If you’ve been following my posts of late you know that I recently did a cooking demo at the Boston Local Food Festival. I made several salads that day with a focus on teaching people how to make vinaigrette. My first dish was a butternut squash salad with rosemary roasted onions, dried cranberries, and chive blossoms. If you missed it, check out the videos of me whisking up a maple dijon vinaigrette and putting together the salad for more details and a few healthy eating tips. Yet, it’s hard to see just how pretty that salad was on the video, inspiring me to prepare it for dinner earlier this week to show you a photo (or four). I used crisp green and red mustard greens as the bed and served it with a cup of tomato tamarind soup for a perfect autumn supper.  With all the gorgeous colors and flavors (not to mention nutrients), isn’t it time for you to give this salad a try?

Salad Experimentation (and a Few More Photos)

Remember that it’s always about options when it comes to turning salad into a meal. (More on the why here.)  I mention in the video that this recipe in some ways screams out for nuts and/or cheese, though one runs the risk of becoming too busy: less is often more when it comes to elegant salads such as this. That said, given I was at home I experimented and sampled both versions. (That’s my way of saying I had two small platefuls of salad. Along with the soup. But, hey, it was dinner!) The original is above and the one with toasted walnuts and chèvre is below.

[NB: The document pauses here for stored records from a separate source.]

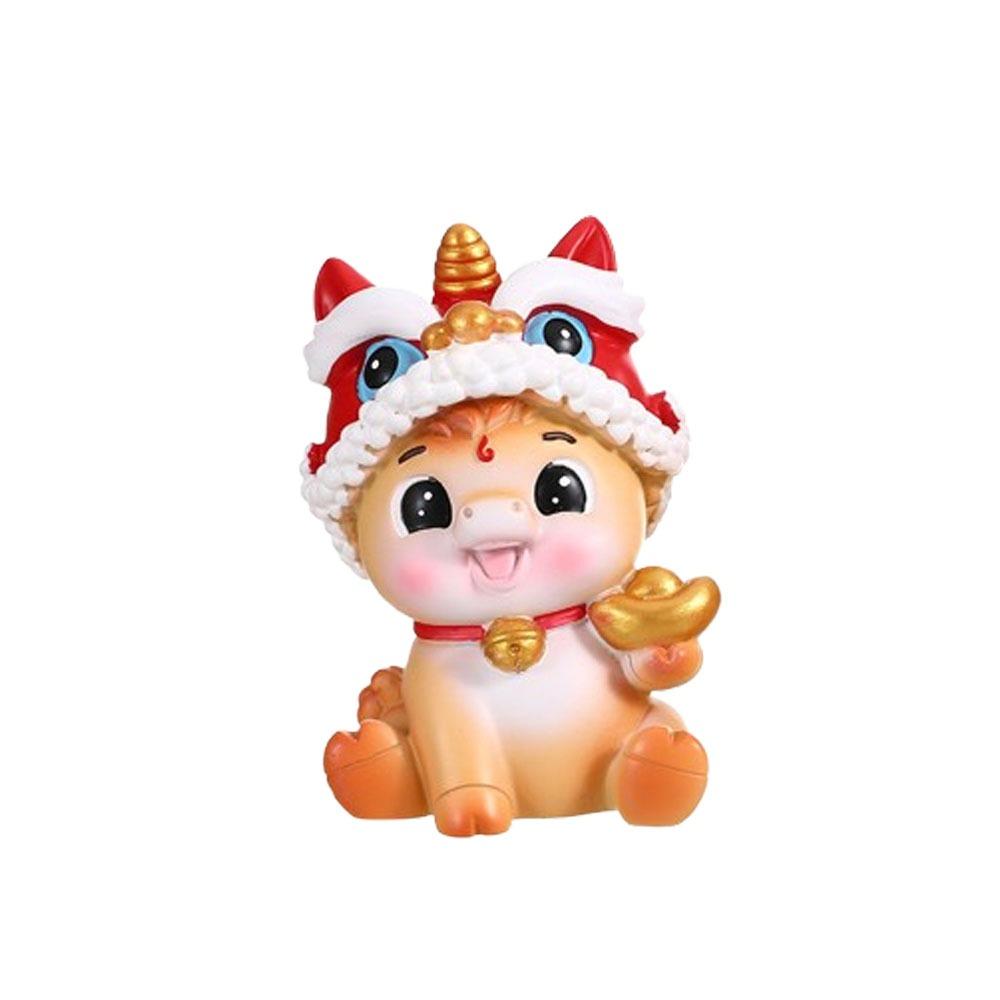 

Смоляные фигурки знака зодиака Лошадь Милая статуэтка лошади Смешной талисман года Лошади 2026 Праздник весны Style 14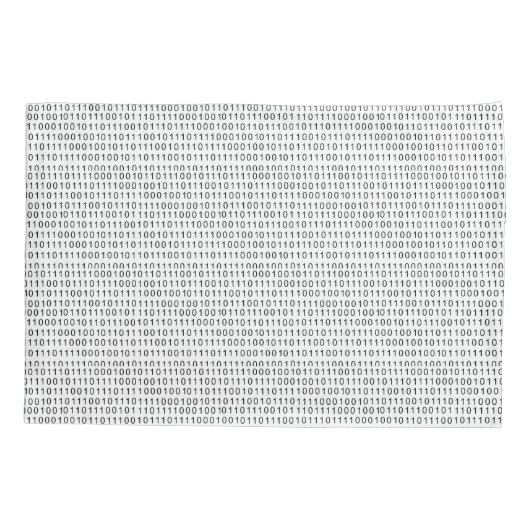 Binaire code zwarte witte strepen kussensloop (Achterkant-Links)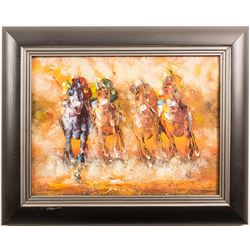 Print of Racehorses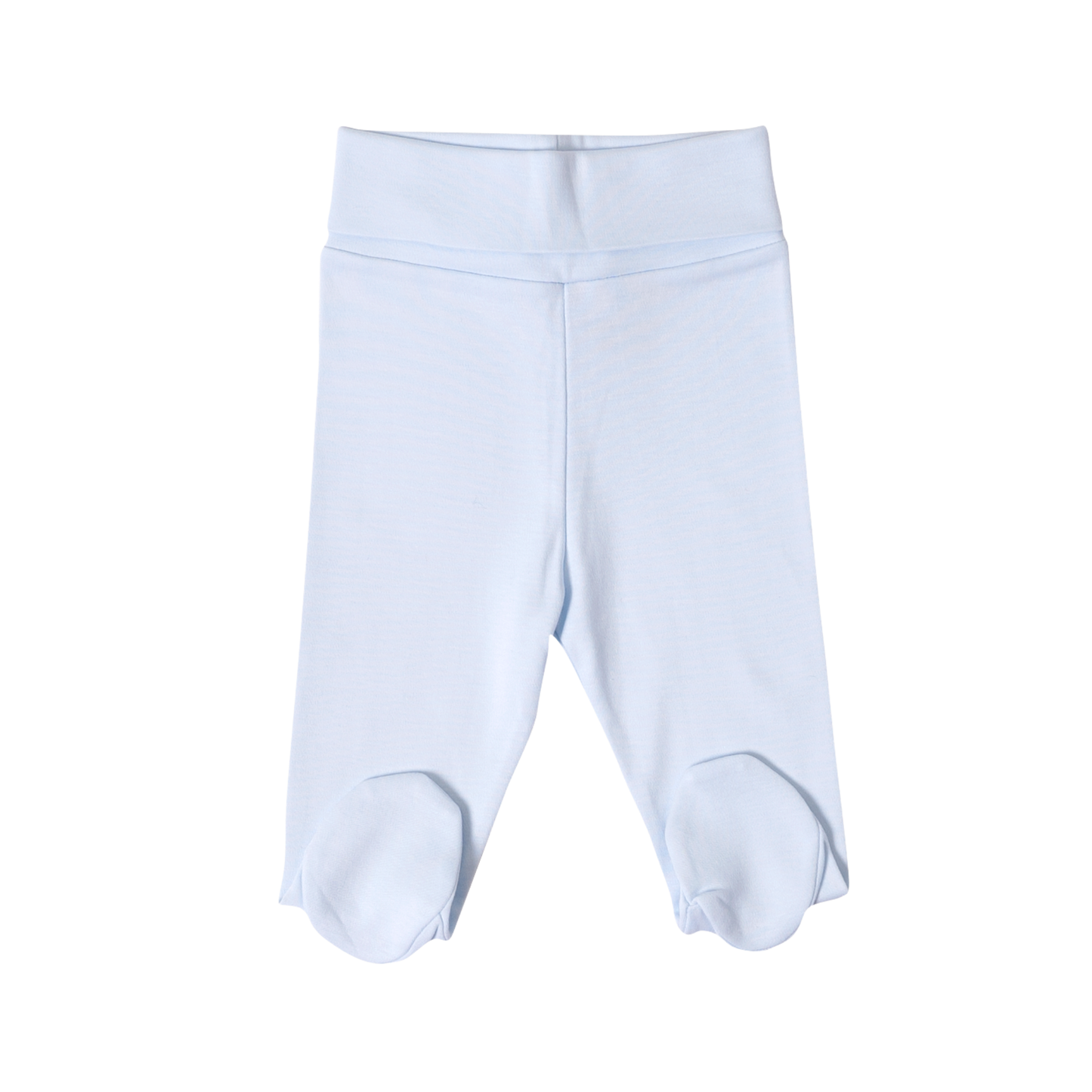 Pantalón pretina ancha celeste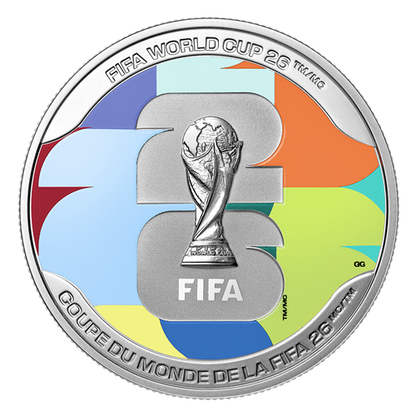 2026 1oz $20 FIFA WORLD CUP 2026ᵀᴹ : WE ARE 26ᵀᴹ FINE SILVER COIN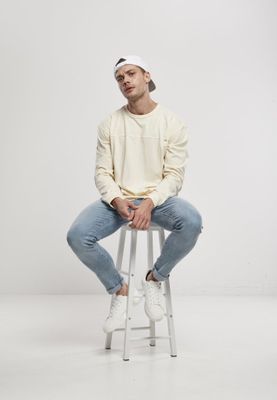 Men's long-sleeved cotton sweater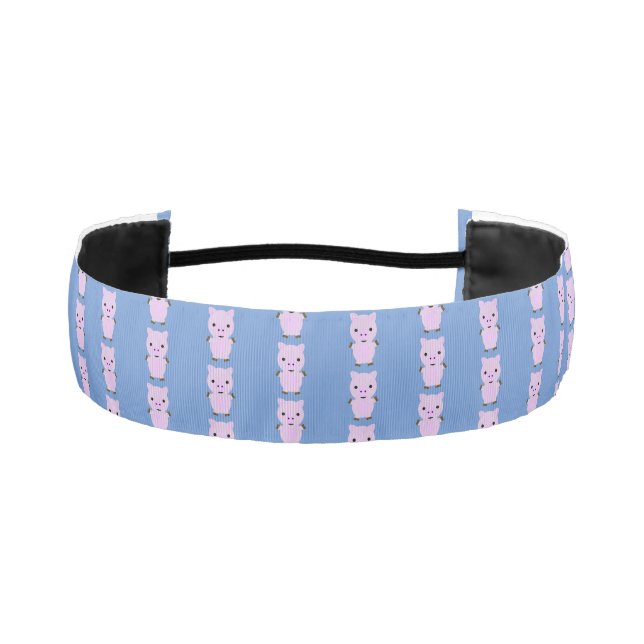 Pink Piggy Athletic Headband (Front)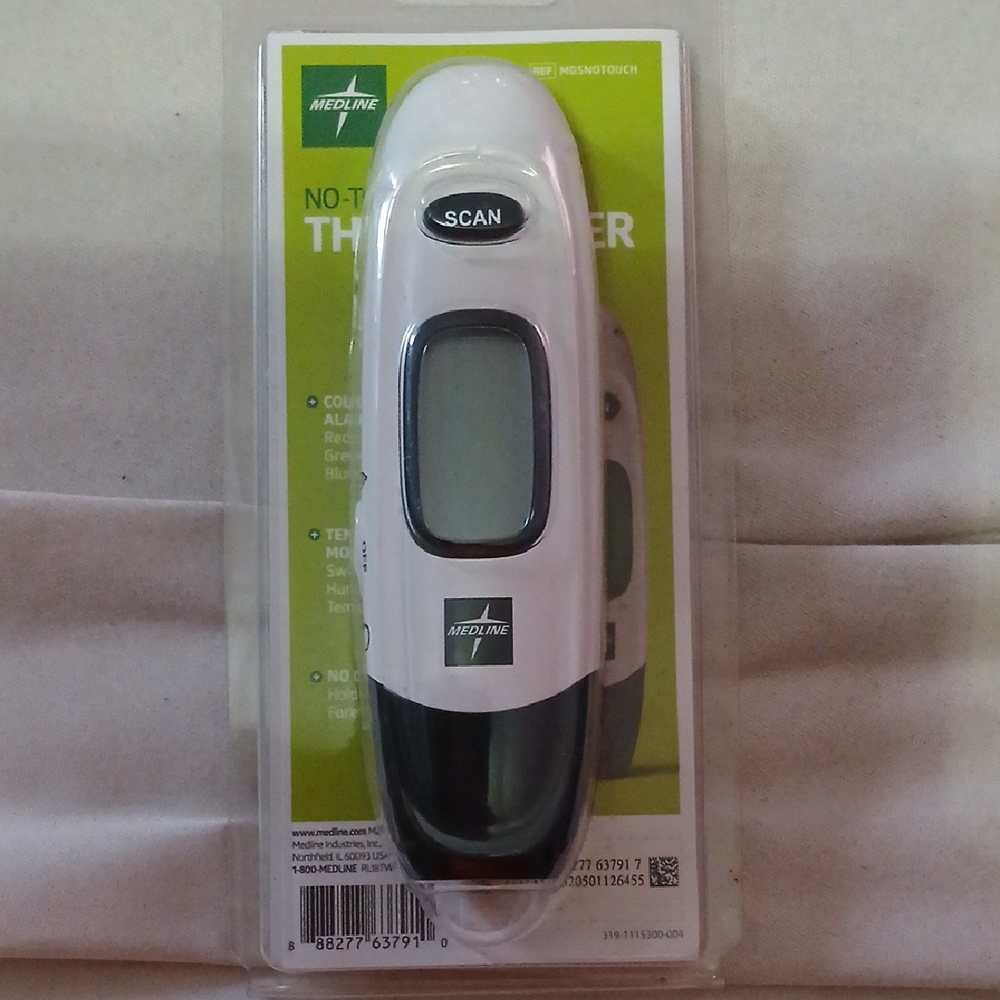 Medline No-Touch Thermometer - White and Black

I honestly couldn’t tell you which I preferred. If I had to choose I’d probably say the original. There are a lot of big flavors already so adding nuts and cheese did become a little distracting, as I speculated, and it just wasn’t necessary, especially when served with soup. Nuts and cheese add calories, which is another good reason to watch your intakes if you’re trying to lose or maintain weight. Yes, they can still be consumed as part of a healthy diet—particularly nuts—but I’ll admit there was a time I put cheese on almost every salad I made (that is to say, just about every day). This is a bad habit I’ve since broken. It’s better to focus your salads around healthier plant foods, obviously: it should not be a cheese delivery vehicle. And make sure to use lots of greens, too, which add fiber, water, nutrients, and texture to balance the starchier squash and sweet cranberries. It’s hard to see the hefty bed of lettuce in the plated salad pictures, but there actually is a lot of it there, and it makes a difference.

I fear that story was a bit boring. Ah, well. At least the photos are pretty.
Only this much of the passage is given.